The City of Perris commemorated Memorial Day during a solemn ceremony honoring the men and women who made the ultimate sacrifice while performing their duties in uniform.
Perris elected officials, members of American Legion Post 595 and Veterans of Foreign Wars Post 888 joined veterans and former veterans on motorcycles and an Honor Guard from Riverside National Cemetery during the May 30 ceremony.
Perris Mayor Daryl Busch, a Navy veteran, said the City maintains a robust relationship and history with the military community. One need look no further than the weathered grave markers at Perris Valley Cemetery. Thirteen bear the names of Civil War veterans.
“The history of the City of Perris is reflected in the veterans who are interred here,” Busch said. “They served country and community. They, and the men and women serving today, speak to the pride we have in our country. We can’t say enough about they’ve done for our country so we can do what we do.”
Memorial Day is set aside to remember those killed in service to America. More than one million Americans have died defending the U.S. since the Revolutionary War.
It was in the wake of the Civil War, the bloodiest conflict in American history, that the origins of Memorial Day can be traced. In 1868, Gen. John Logan designated May 30 as a day to remember the Civil War dead by placing “flowers or otherwise decorating the graves of comrades who died in defense of their country during the late rebellion, and whose bodies now lie in almost every city, village and hamlet churchyard in the land.”

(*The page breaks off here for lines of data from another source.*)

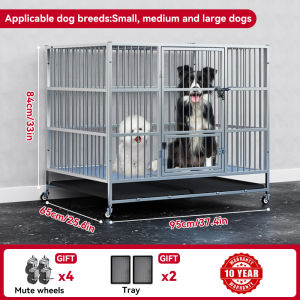 Stainless Steel Dog Crate Large - 100KG Capacity Skylight Door Wheels Pet Kennel Gift Dog Bowl Sturdy for Big Dogs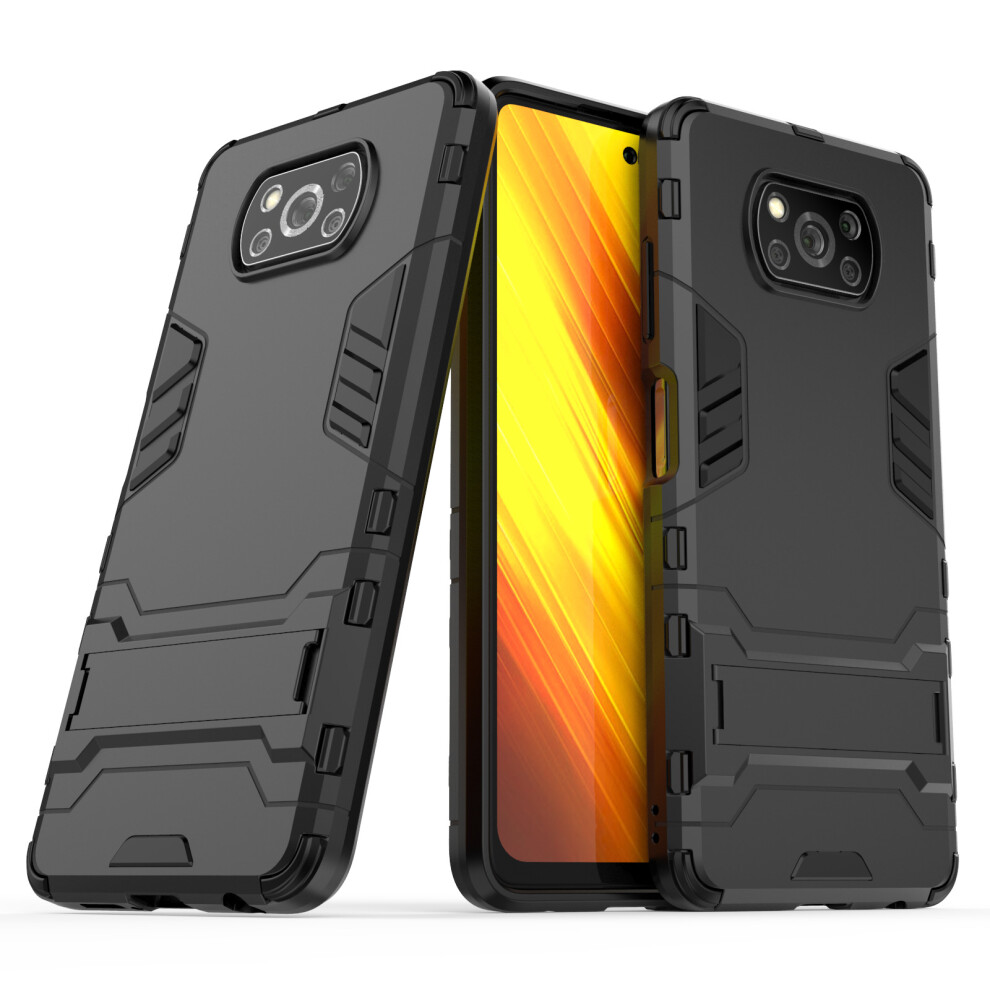Bakeey For Poco X3 Pro Poco X3 Nfc Case Armor Shockproof With Stand Holder Pc Protective Case Back Cover 6900076742283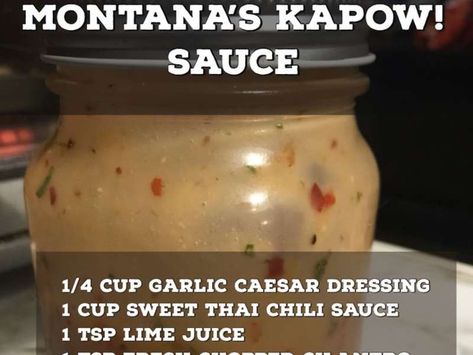 Montanas Kapow Shrimp Recipe, Montana's Kapow Sauce, Kapow Shrimp Montanas, Kapow Sauce, Kapow Shrimp, Montana Recipes, Homemade Sauce Recipes, Healthy Grilling, Party Food And Drinks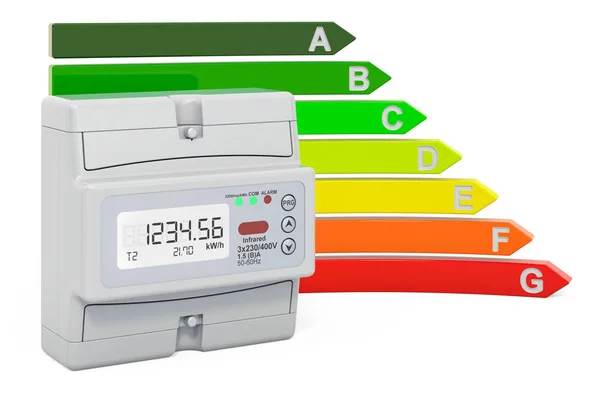 Electric Meter Energy Efficiency Chart Rendering Isolated White Background — Stock Photo, Image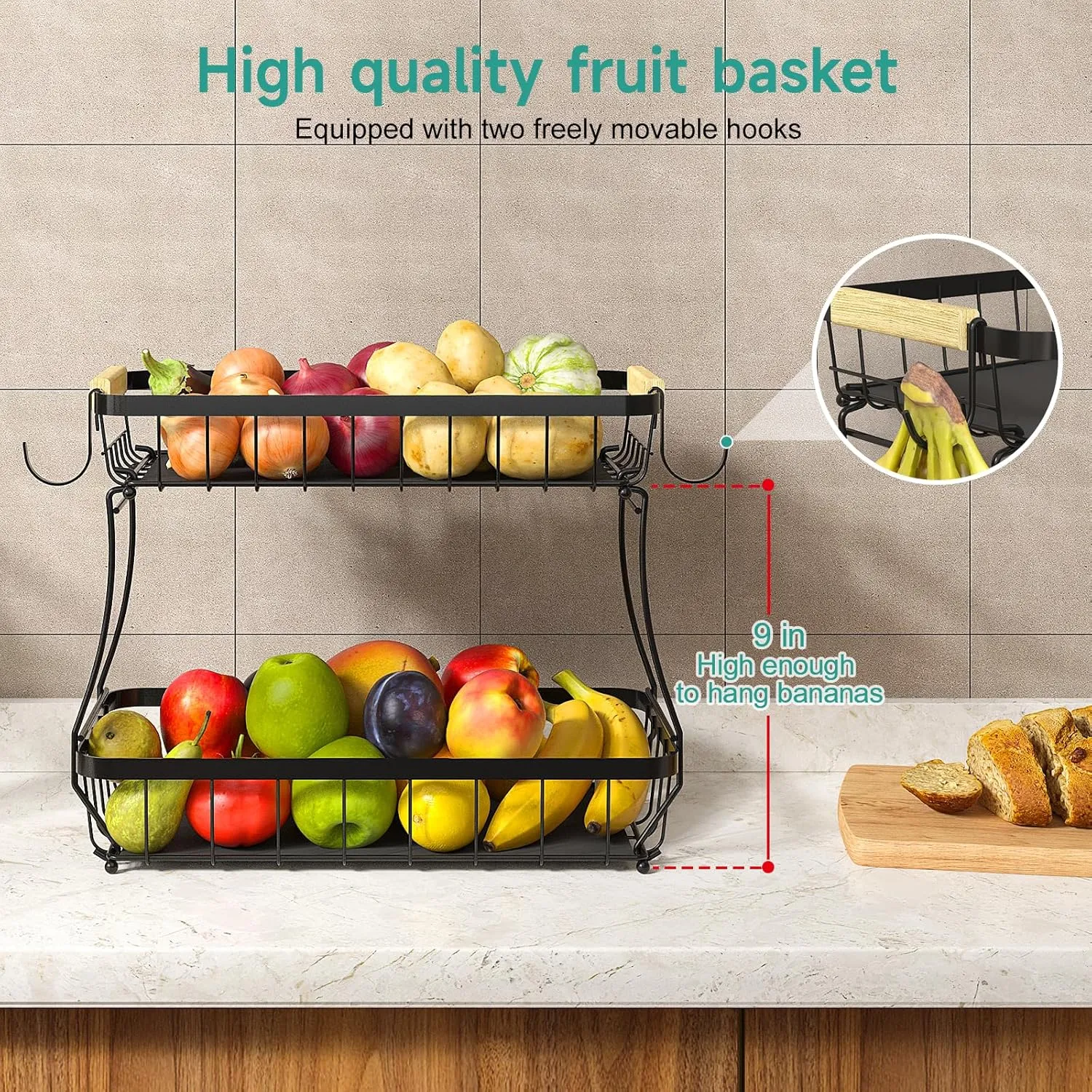 2 Tier Fruit Basket for Kitchen Counter with 2 Mobile Banana Hangers, 2025 Pro Detachable Metal Fruit Bowl with Wooden Handle, Fruit Holder for Bread Snack Veggies with Protective Mats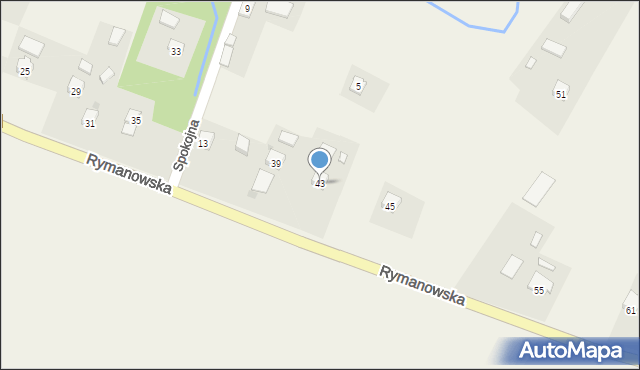 Odrzechowa, Rymanowska, 43, mapa Odrzechowa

The May 30 date was selected because it was not the anniversary of any particular battle. Originally known as Decoration Day, the somber day of reflection over the years gradually became known as Memorial Day.
Perris Mayor Pro-Tem Rita Rogers said Memorial Day reminds Americans to keep in mind the sacrifice of the nation’s war dead “so we can exercise our freedoms.”
“We must remember those who have paid the ultimate sacrifice,” Rogers said. “It’s our legacy.”
City Councilwoman Tonya Burke said she was proud to “recognize the men and women who sacrificed to make sure our lives on the home front are safe.”
“Without their sacrifice, we would not enjoy a lot of the freedoms we do,” Burke said.
City Councilman David Starr Rabb, a Navy veteran who served in the ongoing Global War on Terror, said he knows many people look forward to Memorial Day for a long weekend with holiday sales and backyard barbecues. But the reason behind those events is lives lost, partners left alone, children devastated.
“It’s important that we honor the men and women who have made the ultimate sacrifice,” Rabb said. “It’s good to reflect on why we have a long weekend.”
City Councilman Mark Yarbrough, the father of three current and former veterans, said the Memorial Day remembrance is a “small token of our appreciation of those who fought and made the supreme sacrifice for freedom.” Yarbrough’s daughter, Andrea, an Army sergeant, returned a week ago from a deployment in Iraq.
“This is the least we can do,” Yarbrough said. “We must honor the people who fight for our freedom.”
Keynote speaker Brady McCarron learned first-hand about the commitment and sacrifice of the men and women in uniform when he was deployed to Iraq and embedded with groups from all service branches.
As a journalist with the Air Force, McCarron’s job was to interview servicemen and women and provide their hometown radio stations, television channels and newspapers with accounts of their duties. It was a job he loved—until the names of people he interviewed began appearing on the rosters of those killed in action.
Every Friday, the Pentagon distributed the names of the fallen.
McCarron said he dreaded reading through what became known simply as “the list.” Finding a familiar name meant McCarron had to remove the individual’s story from the files so it would not appear in print or on air again. He said the loss of every one of the people he chronicled left a wound on his soul and several times during his remarks be stopped to gather his composure.
McCarron said he and his colleagues contacted the families of those on “the list,” sending them copies of their stories along with letters of sympathy and gratitude.
“It is not easy to talk about this day,” McCarron said. “Today is not about us, not about the living veterans who made it home. Today is about those who never made it home, who lie on distant battlefields or are lost at sea. Today is about remembering those who lost their lives. It’s about honoring those who answered America’s call to service and paid the ultimate price.”
McCarron urged the audience to honor the fallen by attending annual Memorial Day services.
“Never forget them,” he said. “Never allow their sacrifice to be for naught.”
Marine Corps veteran Joanne Evans, master of ceremonies at the Perris Memorial Day service, read the names of 18 local veterans and Auxiliary members of Posts 595 and 888 who died in the last year and now reside in “Post Everlasting.” As she read each name, Chaplain Bill Bauer rang a bell one time in their honor.
The day’s ceremonies also included the laying of wreaths at veterans’ memorials, a three-rifle volley and the playing of Taps.